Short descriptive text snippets
──────────────────────────────
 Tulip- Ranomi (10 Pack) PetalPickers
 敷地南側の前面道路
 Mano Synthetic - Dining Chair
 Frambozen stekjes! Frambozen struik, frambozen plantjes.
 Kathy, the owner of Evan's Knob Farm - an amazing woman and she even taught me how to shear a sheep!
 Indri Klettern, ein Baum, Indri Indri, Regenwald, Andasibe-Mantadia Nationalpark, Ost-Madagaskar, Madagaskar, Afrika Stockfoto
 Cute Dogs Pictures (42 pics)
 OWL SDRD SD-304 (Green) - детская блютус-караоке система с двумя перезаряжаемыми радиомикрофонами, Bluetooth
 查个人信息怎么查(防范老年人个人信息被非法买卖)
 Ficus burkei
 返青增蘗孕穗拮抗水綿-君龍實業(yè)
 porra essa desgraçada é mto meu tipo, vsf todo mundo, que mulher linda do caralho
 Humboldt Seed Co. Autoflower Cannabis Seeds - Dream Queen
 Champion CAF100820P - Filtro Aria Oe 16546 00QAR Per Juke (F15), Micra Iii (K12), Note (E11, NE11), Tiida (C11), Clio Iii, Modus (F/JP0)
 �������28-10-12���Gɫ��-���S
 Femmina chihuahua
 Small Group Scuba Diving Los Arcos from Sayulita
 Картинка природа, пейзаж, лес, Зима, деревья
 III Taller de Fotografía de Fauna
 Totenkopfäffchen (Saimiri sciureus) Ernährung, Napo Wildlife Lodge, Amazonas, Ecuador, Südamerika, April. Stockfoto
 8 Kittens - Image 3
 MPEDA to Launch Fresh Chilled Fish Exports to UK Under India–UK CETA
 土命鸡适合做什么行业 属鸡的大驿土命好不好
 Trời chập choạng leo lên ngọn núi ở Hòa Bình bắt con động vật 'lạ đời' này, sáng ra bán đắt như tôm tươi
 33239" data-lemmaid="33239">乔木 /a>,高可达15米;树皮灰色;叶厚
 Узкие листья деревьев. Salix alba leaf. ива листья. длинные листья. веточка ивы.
──────────────────────────────
## EXERCISE BRIEF
Exactly the lines from the one containing "查个人信息怎么查(防范老年人个人信息被非法买卖)" through the end of the records should be reproduced, and no others.

## ANSWER SECTION
 查个人信息怎么查(防范老年人个人信息被非法买卖)
 Ficus burkei
 返青增蘗孕穗拮抗水綿-君龍實業(yè)
 porra essa desgraçada é mto meu tipo, vsf todo mundo, que mulher linda do caralho
 Humboldt Seed Co. Autoflower Cannabis Seeds - Dream Queen
 Champion CAF100820P - Filtro Aria Oe 16546 00QAR Per Juke (F15), Micra Iii (K12), Note (E11, NE11), Tiida (C11), Clio Iii, Modus (F/JP0)
 �������28-10-12���Gɫ��-���S
 Femmina chihuahua
 Small Group Scuba Diving Los Arcos from Sayulita
 Картинка природа, пейзаж, лес, Зима, деревья
 III Taller de Fotografía de Fauna
 Totenkopfäffchen (Saimiri sciureus) Ernährung, Napo Wildlife Lodge, Amazonas, Ecuador, Südamerika, April. Stockfoto
 8 Kittens - Image 3
 MPEDA to Launch Fresh Chilled Fish Exports to UK Under India–UK CETA
 土命鸡适合做什么行业 属鸡的大驿土命好不好
 Trời chập choạng leo lên ngọn núi ở Hòa Bình bắt con động vật 'lạ đời' này, sáng ra bán đắt như tôm tươi
 33239" data-lemmaid="33239">乔木 /a>,高可达15米;树皮灰色;叶厚
 Узкие листья деревьев. Salix alba leaf. ива листья. длинные листья. веточка ивы.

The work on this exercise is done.